I am interested in what folks say on this thread too.


----------



## Roland (Dec 14, 2008)

If you are using a deep for a single brood chamber and mediums for supers, I can not assist you. If you wish to try all deeps on one hive, I can assist you on how to build a populace hive and avoid swarming issues.

Crazy Roland


----------



## Adam Foster Collins (Nov 4, 2009)

I'm all deeps, Roland. Always interested in your take. Or point me to another thread where you've detailed your approach. Thanks!


----------



## Bkwoodsbees (Feb 8, 2014)

Roland I would like to hear also. Down south our flows are not nearly as strong as yours and our winters are short and mild. Sweet clover can't grow in our acidic soils. All deeps work here its just simpler with deep and medium. Our bees here winter well with medium full of stores plus what they put in brood chamber.


----------



## liljake83 (Jul 2, 2013)

Roland I am all ears for your sage advise I am always looking to try something new or a different spin


----------



## beepro (Dec 31, 2012)

Roland, are you advising to use a double queen set up then?

When the flow is on and the hive is honey bound then you
can extract the honey to make more room for the queen to lay in.
The queen will emerge in 2 weeks so go in there every 10-12 days
to check. When you catch a swarm then do it normally to hive them.
You have to have more equipment on hands to go big time later on.
When you dumped the swarm into the honey harvest hive there might
be a chance that the workers will balled the original queen. A rather
risky task I would not do unless you have many mated queens to replace
the dead queens. You might get more harvest but also might risk the
queen's life. How come there are many lost hives? And what do you plan
to prevent it from happening again in the future?


----------



## Roland (Dec 14, 2008)

We use one deep, an excluder, then deep supers. Right now(dandelions just started), the hives with 3-4 frames of brood are still in one deep. The stronger hives have had a deep added above the excluder.

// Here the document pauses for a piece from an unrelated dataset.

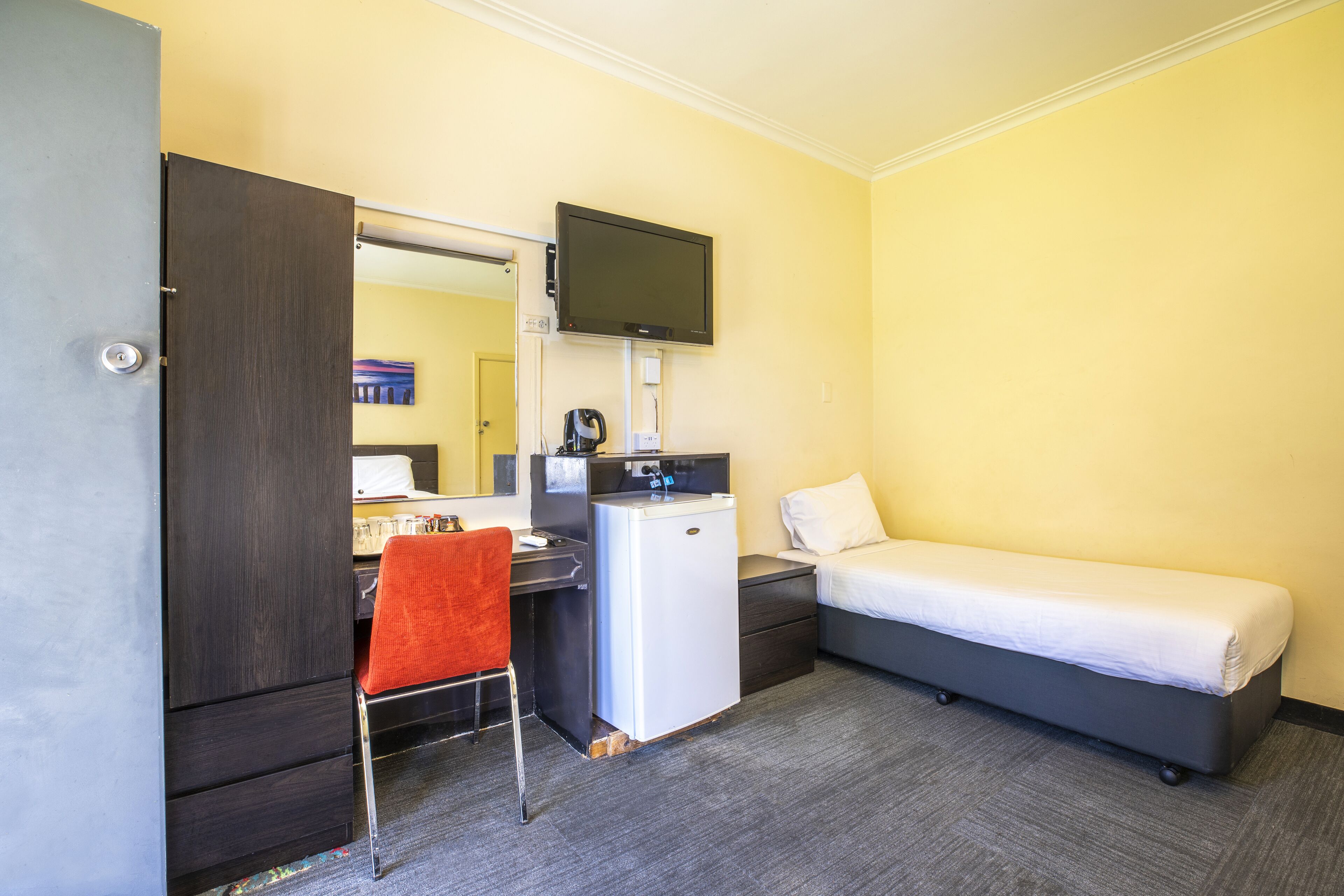 A compact hotel room with a bed, a desk with a chair, a small refrigerator, a television mounted above the desk, and a mirror on the wall.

When the bees occupy the super, frames of capped brood are shaken and "hung up", and empty drawn comb placed "downstairs", initially on the outsides of the brood nest. As the weather warms, and the hive grows, more frames can be rotated. We make the rounds every 14 days, so a frame of capped brood is hatched on the next visit, and can be exchanged for a capped frame. We often attain an exchange of 5 frames.

The idea is to always keep open frames in front of the queen. Some skill and experience, and an eye on the weather forecast, is needed to know just how far you can push them. Chilled brood is the sign that you went to far. 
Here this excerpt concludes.